夫が無職になった。まだ小学生の息子2人を抱えて突然、家族の大黒柱になった不安から、夫にモラハラ的な発言を繰り返す自分がいた。ADHD、摂食障害、母との確執、不安障害……あらゆる生きづらさを抱えながら模索してきた自分との向き合い方、夫婦・家族のカタチとは――。

 

 オーストラリア西部にある都市パース──。

 インド洋に面した、人口200万人ほどの都市である。街の中心をスワンリバーという大きな川が流れ、日本でいえばちょうど博多のような都市といえばいいだろうか。

 ここは「世界一美しく住みやすい街」と言われ、世界中から観光客が訪れる観光都市としても有名である。

 季節は日本と真逆。しかし、日本との時差は1時間だ。

出稼ぎ母さんです(笑)

 小島慶子さん(47)と夫(54)、そして長男(17)、次男(14)の4人家族は、この街の郊外にある中古住宅に2014年から住み始めて6年になる。

 小島慶子さんといえば、TBSのアナウンサーとして15年勤務し、独立した。現在は、タレント、エッセイストとしても活躍する一方、社会問題、ジェンダー、ハラスメント、教育問題など多岐にわたるテーマで講演。また、自身が40代で軽度のADHD(発達障害)と診断されたことを公表し、その理解を広げる活動も行っている。

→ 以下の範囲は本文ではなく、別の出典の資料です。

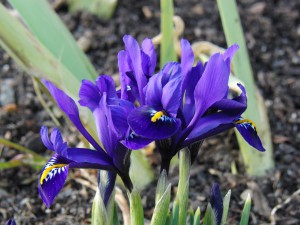 Kleine blaue Zwergiris Kleine blaue Zwergiris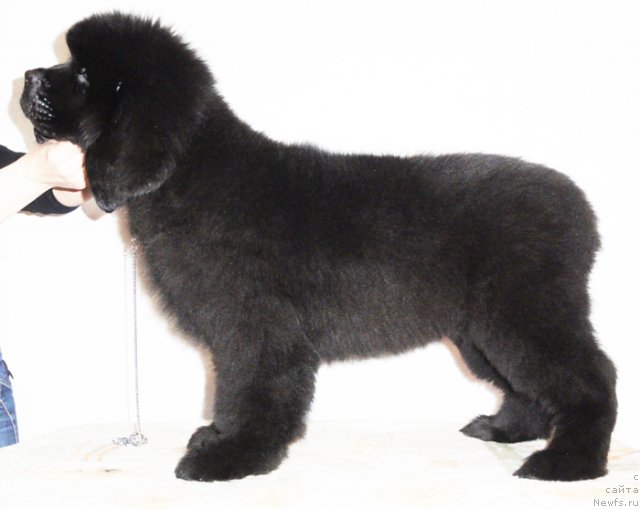 Фото: ньюфаундленд Beguschaya po Volnam Dancing Queen (Бегущая по Волнам Дансинг Квин)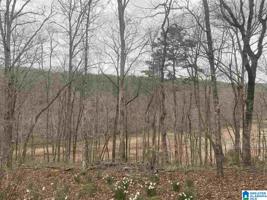 Lot 44 POINTE SOUTH DRIVE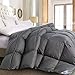 ROSECOSE Luxurious All Seasons Goose Down Comforter Queen Size Duvet Insert Gray 1200 Thread Count 750+ Fill Power 100% Cotton Shell Hypo-allergenic Down Proof with Tabs (Queen, Gray)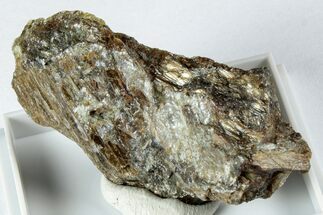 Gleaming Bronzite (Enstatite) Specimen - Austria #345019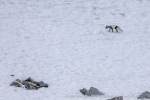 240603a_Hamiltonbukta_028_N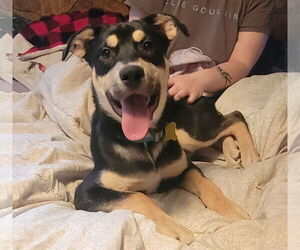 American Pit Bull Terrier-Unknown Mix Dogs for adoption in Sandy, UT, USA
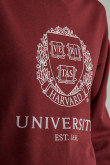 Buzo, con estampado en frente y manga, de Harvard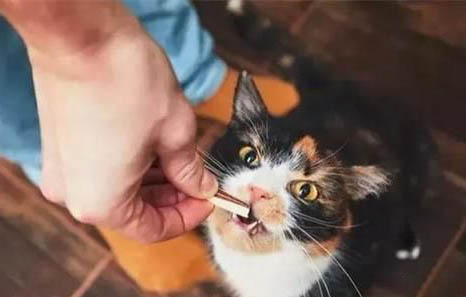 猫可以喝牛奶吗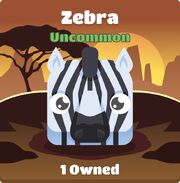 Zebra blook in background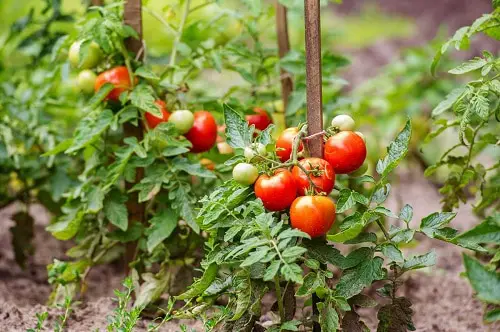 How Far Apart to Plant Tomatoes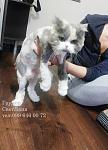     
: 20140305_154700 (1).jpg
: 15
:	82.2 
ID:	9462990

 多忙を極める小島さんは、家族の拠点をオーストラリアに置き、自身は日本とパースを行ったり来たりして働いて、一家を経済的に支える。

「そう、出稼ぎ母さんです(笑)。だいたい5、6週間日本で働いて、パースには2週間、戻る感じですね」

 日本では、東京にワンルームマンションを借りている。

「東京にいるときは、“ひとりブラック企業”ですね(笑)。テレビや講演などで飛び回り、部屋に戻るとずっと原稿を書いています。実際、昨日も寝てないんです」

 1年の3分の1をパースで家族と過ごし、残りは東京へ単身赴任。パースの自宅でも、朝から晩までずっとダイニングテーブルのパソコンの前に座ったきり動かないという小島さん。夫はそんな妻を心配し夕方、海に連れ出したり、「せめてスーパーくらい一緒に行こう」と誘ってくれたりするという。

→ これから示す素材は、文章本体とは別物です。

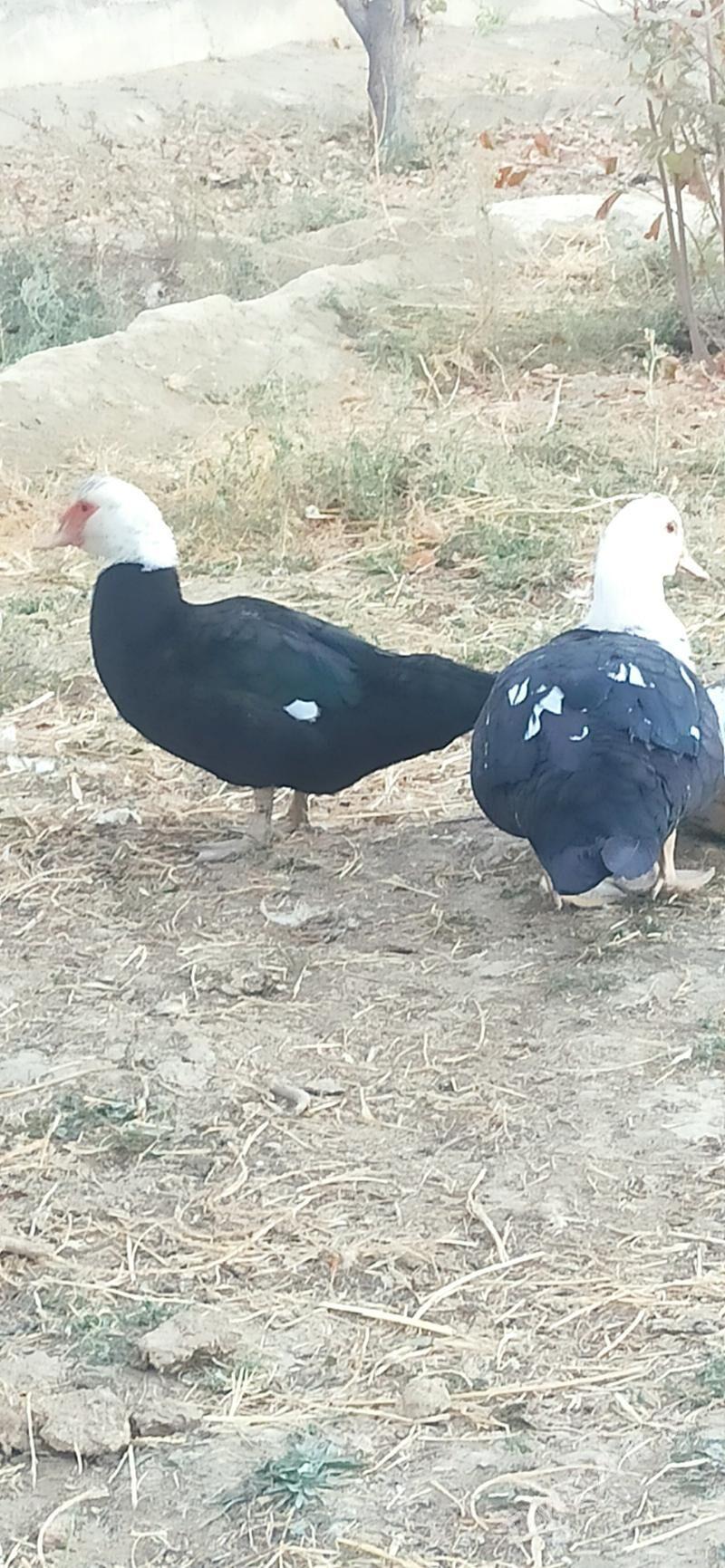 indautga - Bäherden - img 1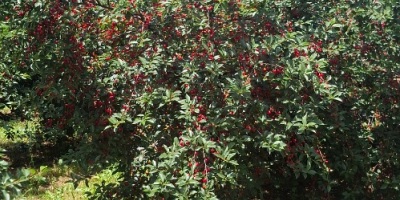 First class cloud cherry. Calibration on average 18-19mm available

「妻は仕事に集中すると、食事や睡眠が後回しになります。本人も自覚していますが、ストレス管理も含め、スケジュールに身体を動かす時間を組み込んでほしいですね」

 長男によれば、お母さんがいるときといないときでは、家の中の雰囲気が一変するという。

「母がいると家の中が賑やかになります。そして父の作る料理がちょっと豪華になります(笑)。僕と母は食事のときよく喋るのですが、父と弟はそんなにお喋りではないので、母がいないと食卓が静かです。母のいる賑やかな家の中も、母がいないのんびりした家の中もどっちも好きです」

 夫がよく作るのは、親子丼、カレーライス、ラムチョップ、チキンのフライ、魚のホイル焼き、蕎麦など。地元のスーパーで、米、味噌、しょうゆ、酒、みりんなど基本的なものはそろう。そのほか、海苔やお麩、わかめなどは小島さんが見繕って日本から買ってくるのだという。

 それにしても、家族で海外移住とは、なかなかできることではない。海外に仕事先があるならともかく、日本で収入を得ている小島さんは、いったいなぜ単身赴任をしてまで、海外移住を決断したのか。そこに至るには壮絶な葛藤の経緯があった。